Bulging, looping, and twisting, RNA molecules present distinctive three-dimensional shapes, which presumably contain nooks and crannies into which small molecules can nestle, raising expectations that RNA molecules could be “druggable.” Yet few RNA-targeting drugs have been approved to fight human disease. In hopes of developing drugs that could settle into highly structured RNA molecules, scientists based at Yale have devised a new screening technique. This technique, which combines high-throughput processing, structure-activity relationship (SAR) analysis, and lead optimization, helped the Yale team led by biochemist Anna Pyle, Ph.D., the Sterling professor of molecular, cellular and developmental biology, identify potential antifungal drugs.
The team identified small molecules that would inhibit a group of large, self-splicing ribozymes found in bacteria, plants, and fungi—but not found in mammals. These RNA molecules have an elaborate structure that contains tiny, solvent-accessible pockets for a small molecule drug to bind with the larger molecule.
Details of this work appeared October 15 in the journal Nature Chemical Biology, in an article titled, “Small molecules that target group II introns are potent antifungal agents.” The group II intron is a self-splicing mitochondrial RNA tertiary structure. It is absent in vertebrates but essential for respiration in plants, fungi, and yeast.
The researchers also chose this RNA structure because of its crucial role in the metabolism of opportunistic fungal organisms that are especially problematic for patients with compromised immune systems, including patients with implanted devices, neonatal patients, and cancer patients.
“Here we show that this RNA can be targeted, resulting in high-affinity compounds that specifically inhibit group IIB intron splicing in vitro and in vivo and lack toxicity in human cells,” the authors of the article wrote. “The compounds are potent growth inhibitors of the pathogen Candida parapsilosis, displaying antifungal activity comparable to that of amphotericin B.”

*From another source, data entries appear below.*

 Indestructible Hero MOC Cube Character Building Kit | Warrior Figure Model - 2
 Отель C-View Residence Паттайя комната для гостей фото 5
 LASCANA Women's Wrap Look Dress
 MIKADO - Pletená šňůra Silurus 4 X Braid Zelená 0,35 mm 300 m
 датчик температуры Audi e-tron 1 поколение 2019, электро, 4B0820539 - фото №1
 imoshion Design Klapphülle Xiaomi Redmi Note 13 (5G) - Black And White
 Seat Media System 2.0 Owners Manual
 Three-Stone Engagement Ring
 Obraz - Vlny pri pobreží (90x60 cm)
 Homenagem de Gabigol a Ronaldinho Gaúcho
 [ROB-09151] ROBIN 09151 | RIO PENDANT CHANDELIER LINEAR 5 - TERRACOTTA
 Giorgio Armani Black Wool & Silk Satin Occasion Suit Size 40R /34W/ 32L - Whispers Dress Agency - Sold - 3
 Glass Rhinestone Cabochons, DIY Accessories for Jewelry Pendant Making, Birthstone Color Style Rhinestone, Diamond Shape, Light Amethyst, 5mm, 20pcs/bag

“Our work establishes that RNA is 'druggable,' and that refractory pathogens such as pathogenic fungi and drug-resistant bacteria can be attacked by targeting their unique RNA repertoire,” Dr. Pyle adds. “It demonstrates that the burgeoning landscape of functional RNA elements contains a wealth of potential targets that can be modulated by small molecules, opening a new frontier in molecular pharmacology.”